Wisconsin Republicans: They won back control of the state Senate, maintained a big margin in the Assembly and held the seats of two House freshmen. Then why are they feeling so bad? Insiders say it's a realization that in presidential years, the top of the state ticket remains stubbornly blue -- despite the help of Reince Priebus at the RNC and Scott Walker in the guv's office. Mitt Romney's defeat wasn't much of a surprise to many GOP strategists. But they come away from Election Day saddened and stunned by Tommy Thompson's loss to Tammy Baldwin.
Bipartisanship: Post-election talk of bipartisanship often comes after hard-fought November elections. Propelling the talk is serious fatigue from recalls, the most contentious two-year legislative session in memory and what many perceive as a general desire by leaders to get back to “normal.” Some insiders also see signs of more civility at the Capitol as Gov. Scott Walker looks to set the stage for a 2014 re-election run and veteran Rep. Robin Vos, who has forged working relationships with Dems, looks to chart a different kind of speakership than Jeff Fitzgerald. But cynics say Republicans may talk nice but will continue to ram through agenda items like a pro-mining bill.

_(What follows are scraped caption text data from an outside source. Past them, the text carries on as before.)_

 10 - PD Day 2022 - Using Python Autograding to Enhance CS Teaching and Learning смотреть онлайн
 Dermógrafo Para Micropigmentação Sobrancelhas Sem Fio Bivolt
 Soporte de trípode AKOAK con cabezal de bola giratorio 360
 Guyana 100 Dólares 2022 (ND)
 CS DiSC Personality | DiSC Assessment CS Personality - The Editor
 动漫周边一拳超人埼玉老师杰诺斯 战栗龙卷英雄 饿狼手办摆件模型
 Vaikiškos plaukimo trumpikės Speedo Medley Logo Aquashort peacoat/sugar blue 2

Tommy Thompson: The Thompson brand takes a major hit with the loss to Baldwin. The 70-year-old Thompson, the state's longest-serving governor and national health secretary, had flirted previously with a return to public life after leaving HHS and even tried an ill-fated bid for the presidency in 2007. But after watching Ron Johnson come out of nowhere to beat Russ Feingold two years ago and Scott Walker take the guv’s office, he decided now was the time for a comeback. Shortly before winning the primary in August, Thompson declared that if he made it through that race, he’d be a shoe-in for the general. And that, some say, was his downfall, never realizing just how much the environment had changed since his last bid in 1998 and misunderstanding the dynamics of modern-day politics. Thompson backers are stunned that he lost to a Madison liberal who was little known outside her district at the beginning of the campaign. But insiders on both sides say Thompson was just another Republican on this Election Day and that Baldwin ran the superior campaign.

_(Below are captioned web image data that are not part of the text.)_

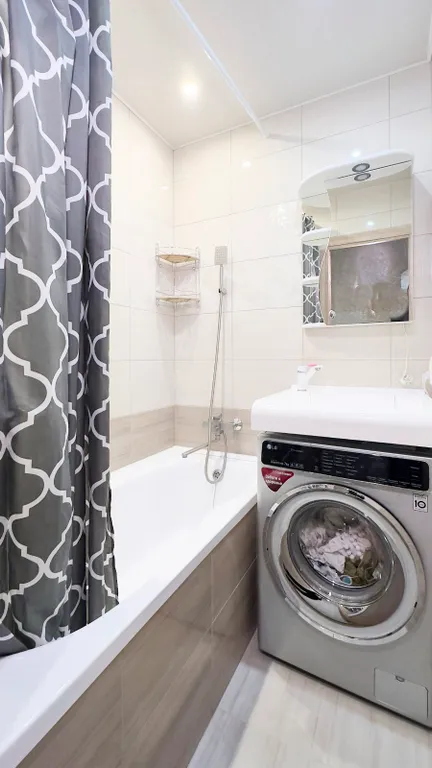 Квартира с евроремонтом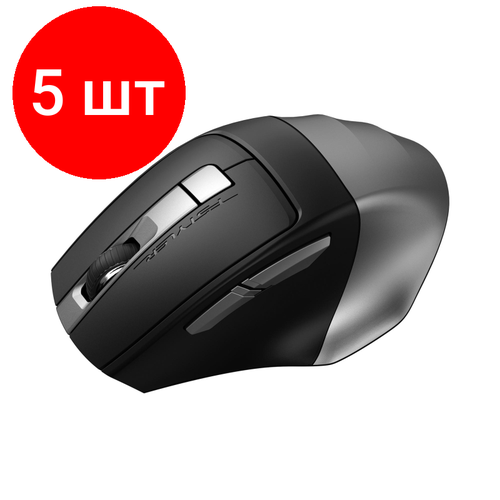Комплект 5 штук Мышь компьютерная A4Tech Fstyler FB35CS серчерн 2000dpiWLS5but 1431500₽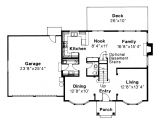 Colonial Style Home Floor Plans Colonial House Plans Westport 10 155 associated Designs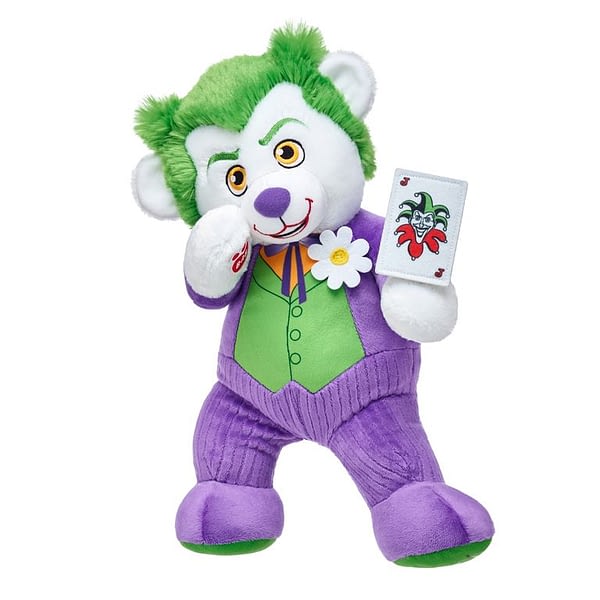 joker teddy bear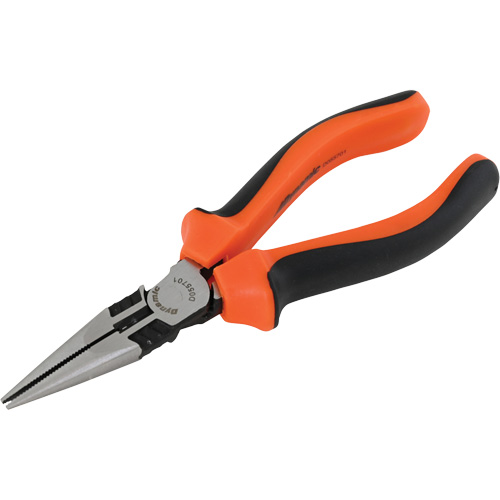 Long Nose Pliers with Comfort Handles, 6-1/2" L R.M.G. Prévention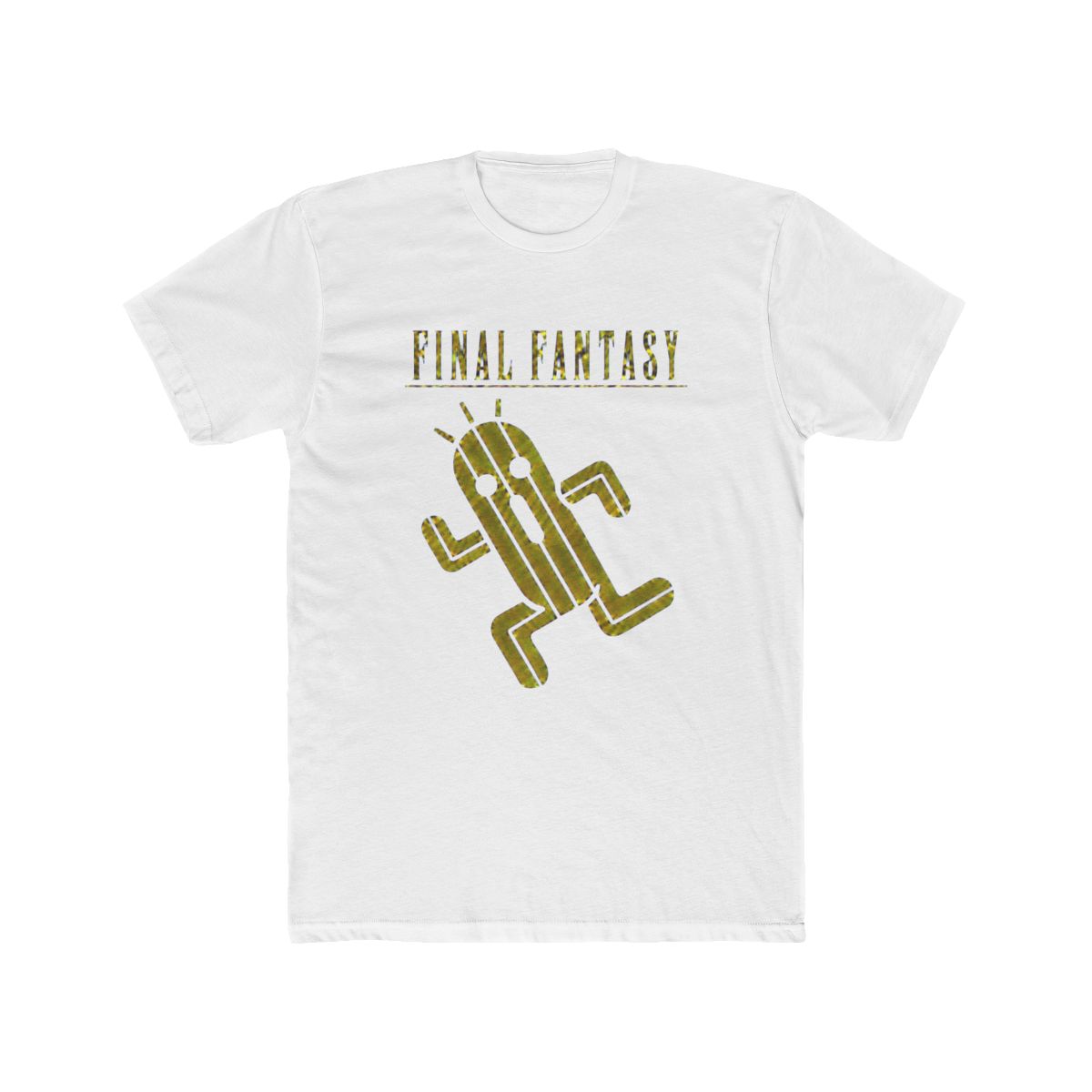Final Fantasy Cactuar T Shirt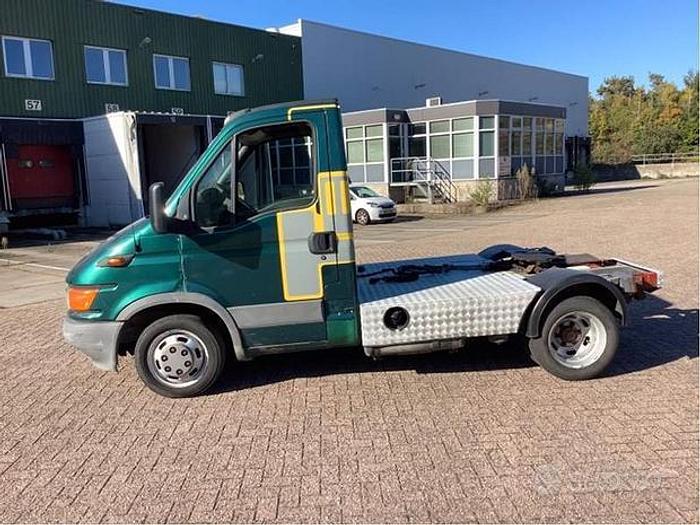 Used Iveco 35c15 telaio passo 3000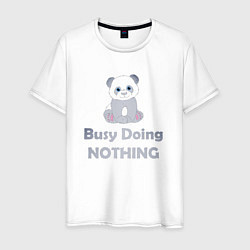 Мужская футболка Панда Panda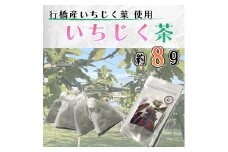 AO-020_【予約・令和７年夏発送】いちじく茶 8ｇ（2ｇ×4）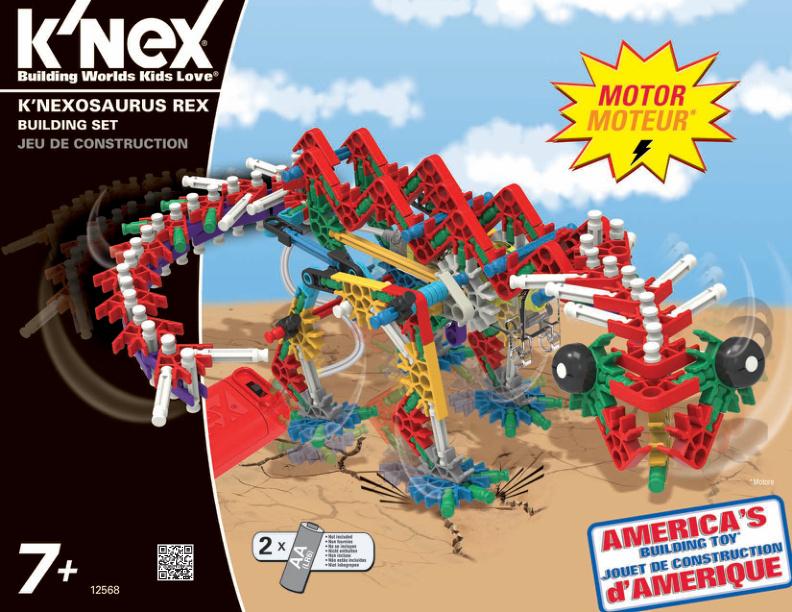 Knexosaurus Rex 12568 K'NEX manual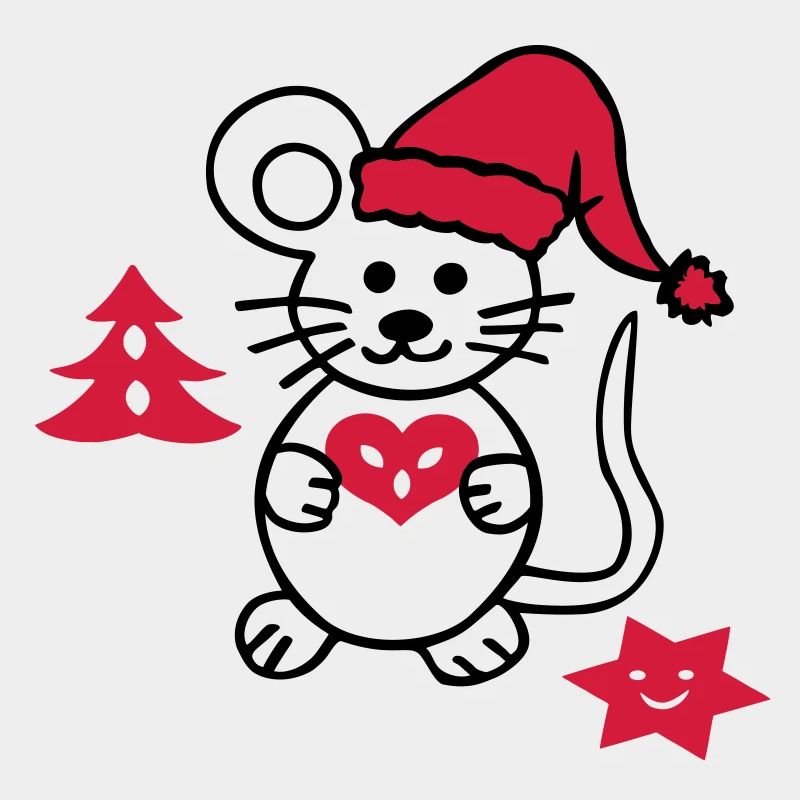 Souris de Noël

Roger Rivard: The freshman GOP rep from northwestern Wisconsin loses by fewer than 600 votes after publicity for his “some girls rape easy” comment. Had he kept his mouth shut, Republicans say, he probably would have won. He's among five legislative incumbents to lose on Election Day -- three Republicans and two Dems, including Sen. Jessica King of Oshkosh if her loss holds up.
Assembly Dems: In a presidential election year when their candidate wins by 7 percentage points, they make no overall gain against a Republican majority. Insiders chalk it up to a number of factors, including a map Republicans drew to give them an inherent edge in Assembly races for the next decade. Others point to a disparity in help from outside groups as a significant factor in coming back at just 39 seats in the 99-member chamber. But critics charge Assembly Dems weren’t aggressive enough in trying to raise money on their own or recruit top-notch candidates who could benefit from the natural bump their party gets in turnout during presidential years.